Typographic Attacks in a Multi-Image Setting
Xiaomeng Wang, Zhengyu Zhao, Martha Larson
TL;DR
This work studies typographic attacks on Large Vision-Language Models in a realistic multi-image setting where attack texts must be non-repetitive across an image set. It demonstrates that text-image similarity, computed in the embedding space, is a strong predictor of attack success and motivates two strategy families: text-image similarity–based and attack-text-effectiveness–based approaches, evaluated under non-repeating, one-to-one matching. The study shows that text-image similarity strategies substantially outperform random baselines (e.g., up to a 21% gain on ImageNet with CLIP) and maintain stealth by avoiding repeated attack texts; these results transfer to other LVLMs such as InstructBLIP in greybox settings.
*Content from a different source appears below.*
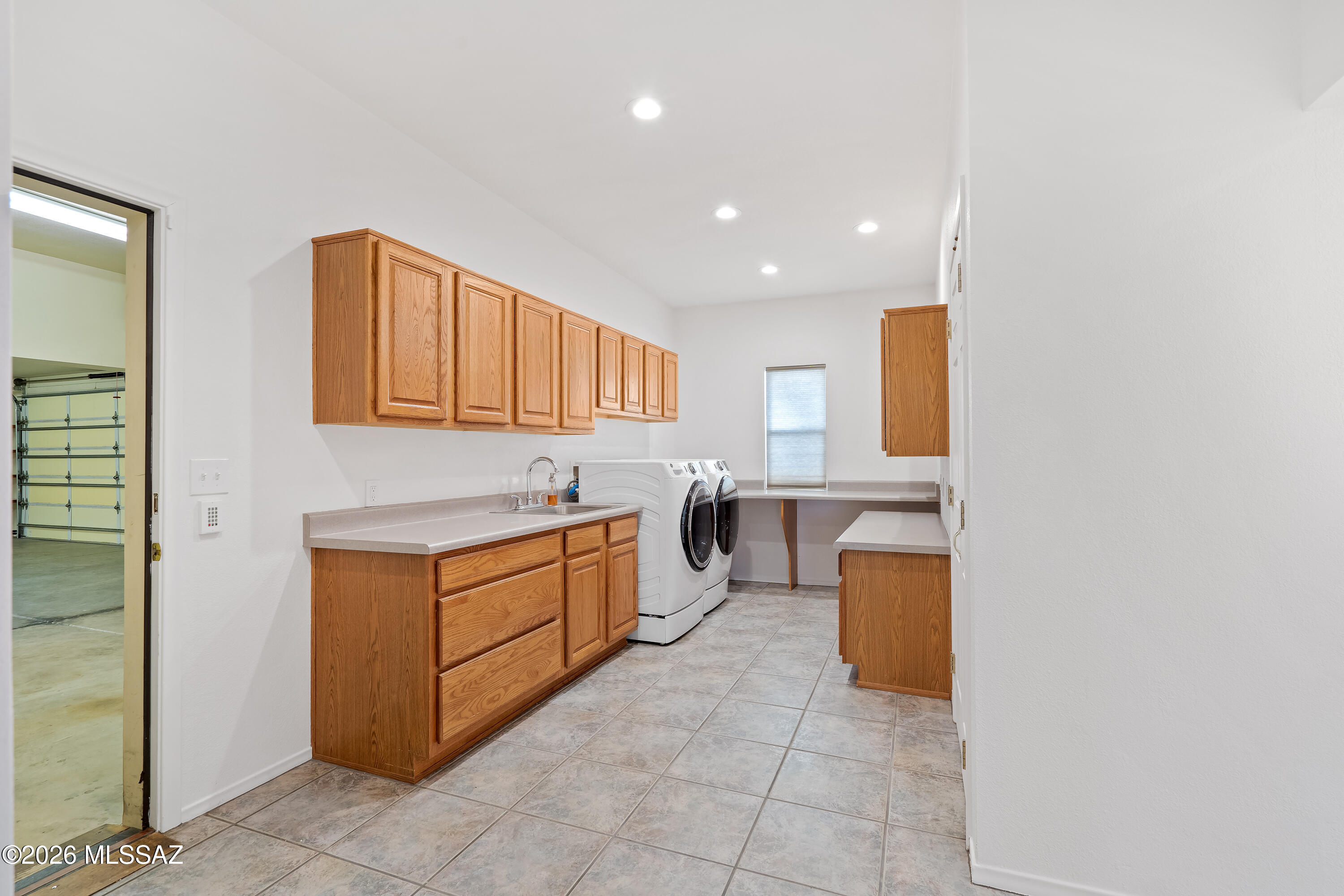 6221 N Placita De Rojelio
The findings highlight embedding-space vulnerabilities in LVLMs and provide a framework for evaluating defenses, while enabling future work on more naturalistic attack texts and broader model coverage.
Abstract
Large Vision-Language Models (LVLMs) are susceptible to typographic attacks, which are misclassifications caused by an attack text that is added to an image. In this paper, we introduce a multi-image setting for studying typographic attacks, broadening the current emphasis of the literature on attacking individual images. Specifically, our focus is on attacking image sets without repeating the attack query. Such non-repeating attacks are stealthier, as they are more likely to evade a gatekeeper than attacks that repeat the same attack text. We introduce two attack strategies for the multi-image setting, leveraging the difficulty of the target image, the strength of the attack text, and text-image similarity. Our text-image similarity approach improves attack success rates by 21% over random, non-specific methods on the CLIP model using ImageNet while maintaining stealth in a multi-image scenario. An additional experiment demonstrates transferability, i.e., text-image similarity calculated using CLIP transfers when attacking InstructBLIP.